The success of these games resulted in increasing pressures applied on the IOC, in order for it to include a full programme of women's athletics events. Indeed, these pressures led to negotiations between the IOC and the IAAF on the one hand and the FSFI on the other hand. The negotiations led to an agreement. The IOC assumed the responsibility to include 10 women's track and field events in the Olympics, whereas the FSFI committed itself not to use the words "Olympic Games" in the international sports meetings that it organized. However, the agreement was abided by only to a limited extent. In the Olympic Games of Amsterdam (1928) it was indeed the first time that women's track and field events were included, but they were half of the agreed number, namely five instead of ten. This resulted in the first "boycott" of the Games, seeing that many female track and field athletes refused to participate in them, especially the athletes from Great Britain, who had dominated most of the contests in Gothenburg. Nevertheless, the FSFI abided by its commitment. Therefore, the athletics games that were held in 1930 in Prague were given the name International Women's Games, an institution that was repeated in 1934 in London. These games were the last to be organized by the FSFI. The augmentation of the fascist and authoritarian governments in Europe created conditions that prohibited the promotion of women's claims, not only in sport, but also in all the fields of social life. Under these circumstances, the FSFI was incorporated into the IAAF in 1936.

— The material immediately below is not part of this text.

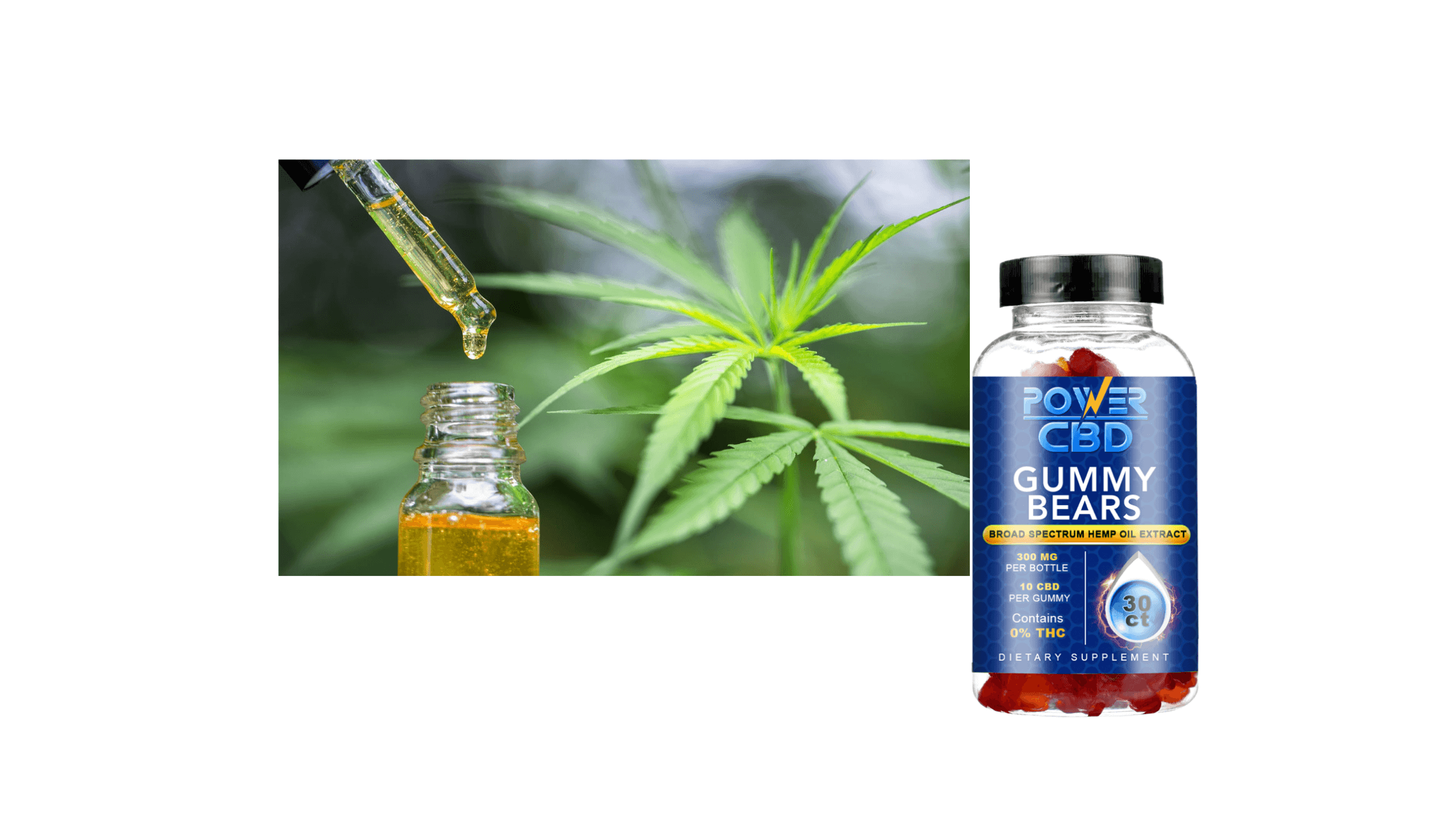 Elite Power CBD Gummies Ingredients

The fifteen-year activity of the FSFI (1921-1936) followed the dynamic presence of the women's movement that was developed in Europe and in North America during the first decades of the 20th century. In this context of vindication of political and social rights by women and as the significance of sport and of the Olympics increased constantly in the modern world, the exclusion of women from the first modern Olympic Games (1896) and their limited participation in the following organizations were two of the central points in the action of the women's movement. The matter of contention was the participation of women in athletics. The appearance of women's track and field events from 1928 onwards, be it limited, was the result of the pressure exerted, to a large extent through the activity of the FSFI.

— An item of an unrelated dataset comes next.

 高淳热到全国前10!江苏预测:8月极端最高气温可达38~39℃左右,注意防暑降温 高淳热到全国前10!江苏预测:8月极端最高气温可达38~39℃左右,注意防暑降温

The decline of the women's movement from the end of World War II until the 1960s, when a second surge of claims by women was reported, is reflected in the minimal increase of women's sports in the programme of the Olympic Games between 1948 and 1968. However, since the 1970s, and especially in the 1980s and the 1990s the change has been spectacular, seeing that today women participate in almost all the sports that are included in the Olympic programme. Most specifically, in the Games of 2000, of the total of 28 sports included in the programme, women participated in 25 sports, whereas men participated in 27. This development is consequent to the unforeseen increase of both the number of female athletes who participate in the Games and of the number of countries they come from. However, this tendency is not reported inside the IOC, namely in the number of female members. It is characteristic that the participation of women in the IOC was not accepted before 1973 and the first woman member of the IOC was elected in 1981. Today, less than 10 women are in the IOC, a very small number compared with the almost 200 men.

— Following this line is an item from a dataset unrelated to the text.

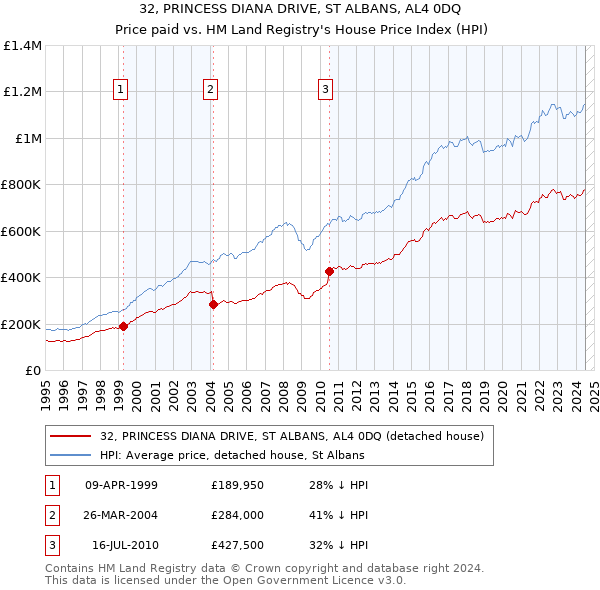 32, PRINCESS DIANA DRIVE, ST ALBANS, AL4 0DQ: Price paid vs HM Land Registry's House Price Index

The improvement of the position of women in both the private and public life, therefore in sport as well, from the beginning until the end of the 20th century, was the result of the social and political modernization that developed (and still develops) around the societies of Europe and North America, bringing about an improvement in women's living conditions and the mitigation of unfavourable discriminations. However, this development is not linear, nor does it appear in the same way and at the same time in all the latitudes and longitudes of the earth. The increase of the influence of the political Islam in several countries led to the official or tacit exclusion of women from the Olympic Games and the other international sports meetings. Iran, the only country that prohibits officially the presence and participation of men and women in the same sports games, organized in Tehran in 1992, namely the year of the Barcelona Olympics, a "Muslim" version of women's Olympics. Exactly seventy years after the organization of the "Olympic Games" by the FSFI in Paris (1922), the games held in Tehran concerned once again the position of women. In this case, however, the "request" was not the abrogation of the exclusion of women from the Olympic Games, but on the contrary, its endorsement.